Quali sono le opinioni degli italiani riguardo alla pensione? Quali le aspettative e i desideri? A quanto pare i nostri connazionali hanno una fiducia irrealistica sulla pensione, tanto che il 76% vorrebbe poter smettere di lavorare prima dell’età pensionabile e i ventenni vorrebbero avere l’assegno a 55 anni. E se il 30% dei cinquantenni non ci ha mai neanche pensato, tra chi invece lo ha fatto il 29% indica 60 anni. Inoltre, tra coloro che dichiarano di sapere quando andranno in pensione, un terzo afferma 67 anni, e i ventenni vorrebbero poter smettere di lavorare addirittura a 55 anni.

Si tratta di alcune evidenze emerse da una ricerca a cura di Moneyfarm e Progetica.
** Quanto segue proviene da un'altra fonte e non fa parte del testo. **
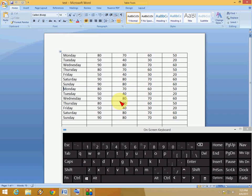This is a method for how to work with selections in a table. Thanks for watching, and please don't forget to like, comment, and subscribe. Thank you very much.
Aspettative e realtà non coincidono

Secondo la ricerca, se i 70 anni sono indicati come età probabile da un numero piuttosto esiguo di persone, mentre un buon numero (32%) dovrà lavorare fino a 5 anni in più rispetto alle proprie attese, il 26% dovrà lavorare tra 6 e 10 anni in più rispetto alle attese, e il 17% addirittura oltre 10 anni in più. Inoltre, solo per il 18% dei casi il desiderio “quando vorrei smettere di lavorare” e la realtà, “quando potrò davvero andare in pensione”, coincidono. La stragrande maggioranza, il 76%, vorrebbe poter smettere di lavorare prima dell’età della pensione.

Cinque persone su 10 non sanno a quanto ammonterà l’assegno

L’ottimismo si smorza sull’ammontare dell’assegno: solo un 3% pensa che avrà una pensione più alta dei propri desideri, mentre per il 90% la pensione sarà più bassa rispetto ai propri desideri. Il dato allarmante, secondo Moneyfarm, è che 5 persone su 10 non sanno quanto percepiranno di pensione, riporta Adnkronos. Dalla ricerca, “si evince un pericoloso presentismo, che lascia ancora ben poco spazio alla pianificazione – si legge nella ricerca -. Il futuro non è sufficientemente tenuto in considerazione nelle scelte di investimento, e in particolar modo, in quelle legate alla pensione. La mancanza di una cognizione realistica riguardo le tempistiche della pensione porta le persone a fare scelte sbagliate”.

Un ottimismo ingiustificato da parte dei risparmiatori

“Nonostante alcune evidenze siano ormai da anni sulla bocca di tutti e nonostante i numerosi interventi legislativi, da questa ricerca emerge un ottimismo purtroppo ingiustificato da parte dei risparmiatori italiani – spiega Giovanni Daprà, co-fondatore e amministratore delegato di Moneyfarm -. La consapevolezza è il primo passo per fare la scelta giusta: investire. A maggior ragione, quando gli incentivi fiscali destinati a chi decide di investire per la pensione sono così interessanti”.